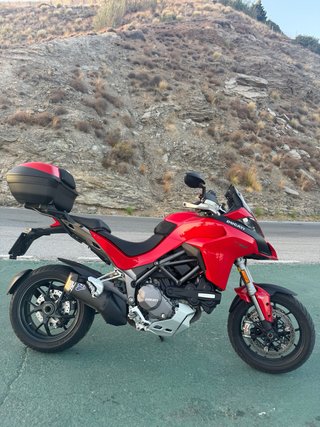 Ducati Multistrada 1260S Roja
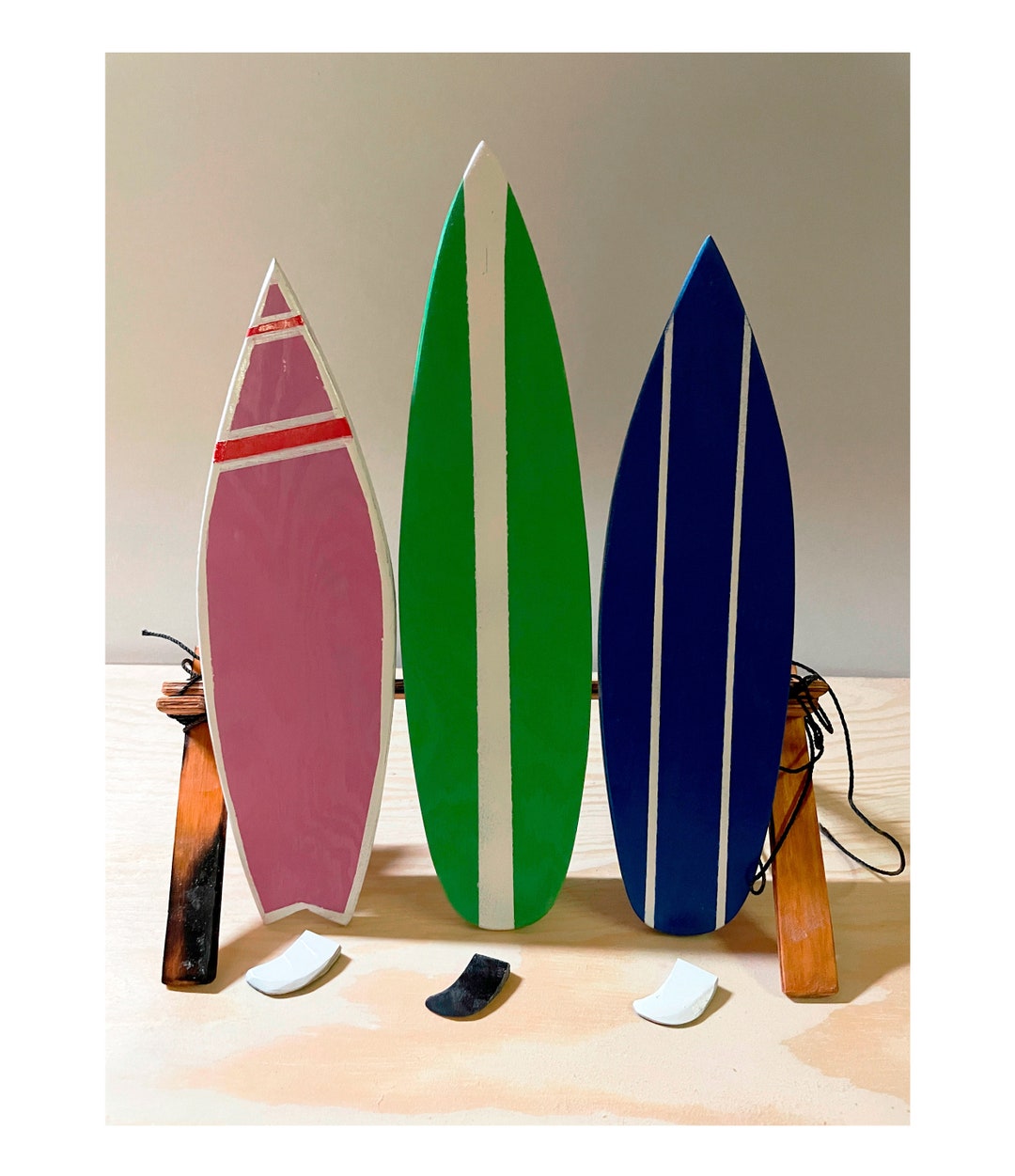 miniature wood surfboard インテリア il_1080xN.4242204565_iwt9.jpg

---

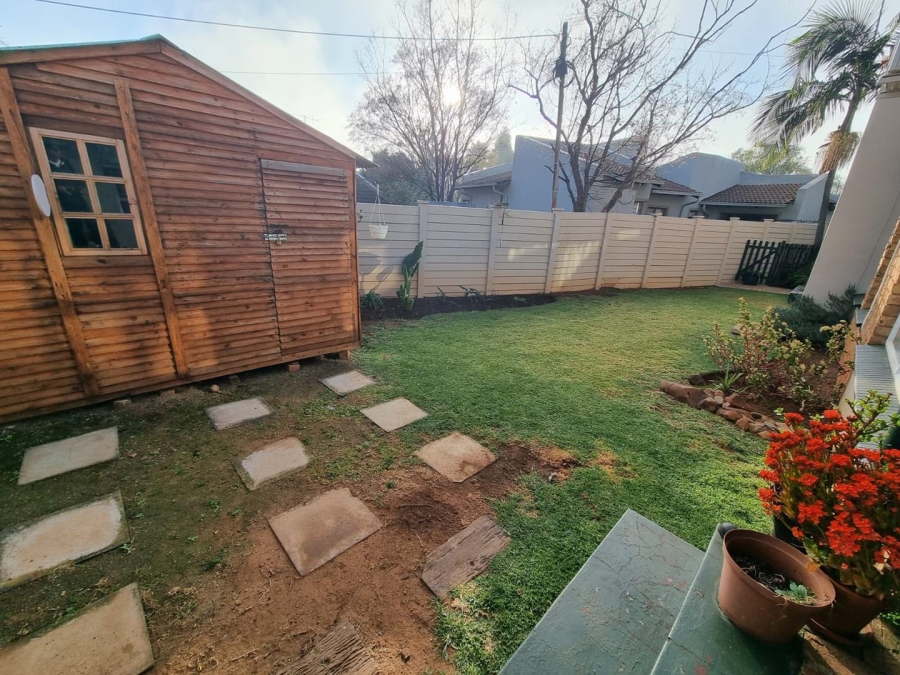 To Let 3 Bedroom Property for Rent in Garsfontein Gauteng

What needs to be done ▸ Make an exact copy of the lines above, beginning with the line with "Ducati Multistrada 1260S Roja" and ending with the line with "miniature wood surfboard", and keep the pictures out of it.

Task output ▸
 Ducati Multistrada 1260S Roja
 miniature wood surfboard インテリア il_1080xN.4242204565_iwt9.jpg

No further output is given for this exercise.